Redazione Scientifica
20 Febbraio 2018

Sussiste un contrasto in giurisprudenza in merito alla sfera di operatività dell'art. 601, comma 3, c.p.p. laddove dispone che il termine per comparire non può essere inferiore a venti giorni. In particolare è incerto se la norma sia applicabile o meno anche ai casi di impugnazione delle sentenze emesse all'esito del giudizio abbreviato di primo grado da decidere in camera di consiglio ai sensi dell'art. 443, comma 4, c.p.p.

Sussiste un contrasto in giurisprudenza in merito alla sfera di operatività dell'art. 601, comma 3, c.p.p. laddove dispone che il termine per comparire non può essere inferiore a venti giorni. In particolare è incerto se la norma sia applicabile o meno anche ai casi di impugnazione delle sentenze emesse all'esito del giudizio abbreviato di primo grado da decidere in camera di consiglio ai sensi dell'art. 443, comma 4, c.p.p.
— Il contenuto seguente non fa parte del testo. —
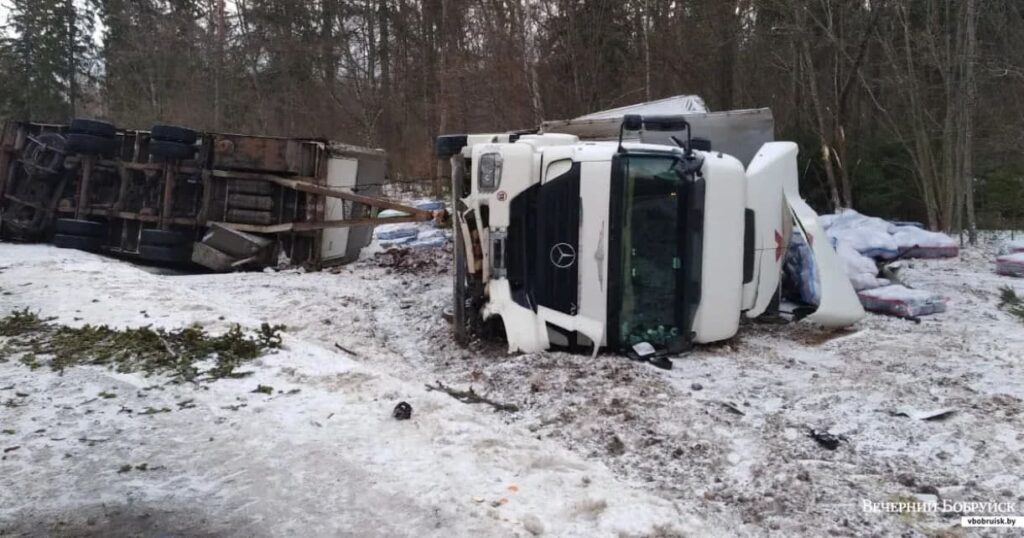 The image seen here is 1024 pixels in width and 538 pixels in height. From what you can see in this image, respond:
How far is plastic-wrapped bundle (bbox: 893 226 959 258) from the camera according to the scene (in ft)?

L'orientamento maggioritario ritiene che «l'art. 601 c.p.p., concernente gli atti preliminari al giudizio di appello, è disposizione di carattere generale e, pertanto, il termine dilatorio di venti giorni stabilito per la comparizione in giudizio (art. 601, comma 3, c.p.p.) si applica anche al procedimento camerale regolato dal precedente art. 599, non essendo sufficiente a rendere applicabile il più breve termine di cui all'art. 127 stesso codice (dieci giorni) il richiamo alle forme previste da tale disposizione operato dal predetto art. 599» (Cass. pen., Sez. III, 5483/2005; Cass, pen., Sez. II, 45909/1993; Cass. pen., Sez. IV, 9536 /1993; Calandra; Cass. pen., Sez. VI, 4438/1992).

Altra parte della giurisprudenza invece sostiene che «nel giudizio di appello in camera di consiglio si applica il più breve termine di comparizione (non inferiore a dieci giorni) previsto in via generale dall'art. 127 c.p.p. e non quello di cui all'art. 601, comma 3, dello stesso codice, essendo la camera di consiglio riservata ai giudizi di appello che non coinvolgono complesse questioni di fatto o di diritto» (Cass. pen., Sez. VI, n. 44413/2015, Macilongo; Cass. pen., Sez. VI, n. 1859/1992, Larnè; Cass. pen., Sez. I, n. 3198/1992, Le Rose).

Da ultimo, Cass. pen., Sez. VI, sentenza n. 7425 depositata il 15 febbraio 2018 ha ritenuto convincenti le ragioni sostenute dall'orientamento maggioritario, da un lato, atteso che il comma 3 dell'art. 601 c.p.p. è formulato in termini assolutamente generici e onnicomprensivi, dall'altro lato, in quanto tale norma delinea, in generale, lo schema del decreto di citazione per il giudizio di appello a cui occorre riferirsi anche nelle ipotesi in cui lo stesso sia celebrato nelle forme camerali. Il comma secondo dell'art. 601 c.p.p., infatti, prevede espressamente che «quando si procede in camera di consiglio a norma dell'art. 599, ne è fatta menzione nel decreto di citazione».